Learn more about MUTAN here:
MUTAN: Multimodal Tucker Fusion for Visual Question Answering
Hedi Ben-younes, Rémi Cadene, Matthieu Cord, Nicolas Thome
Incorporating bilinear pooling into attention mechanisms
The bilinear pooling operations described above enable rich interactions between two input embeddings and generate a resultant output embedding. Hence they can be applied in different parts of a VQA architecture, wherever a multimodal interaction takes place. In particular, there are two points in an attention based VQA architecture where bilinear pooling is usually employed.
- The core part of VQA attention is interaction between a question embedding and different image region embeddings. This is a perfect match for bilinear pooling. The result of the pooling operation is a tensor with an embedding for each attention. This tensor is then passed through convolution layers to finally result in the attention weight vector.

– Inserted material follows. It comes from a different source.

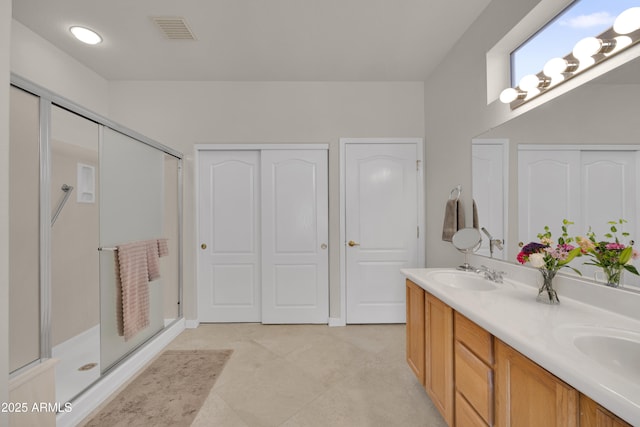 bathroom featuring a shower with door and vanity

- After the attention weights are used to linearly combine image embeddings into a final image embedding, this embedding undergoes an interaction with the question embedding to form the aggregated information vector. This interaction is also modeled by bilinear pooling.
These applications of bilinear pooling to the attention based VQA architecture are shown below.
To summarize, an outer product between two vectors is an extremely rich and powerful mechanism to combine them, in contrast to simple element wise operations. However, the raw outer product is prohibitively expensive and impractical to incorporate into VQA models.
To overcome this deficiency and yet extract some power from it, several versions of bilinear pooling have been proposed over the past few years. These have led to accuracy improvements over simpler interaction methods. I discussed some of the more prominent ones in this post.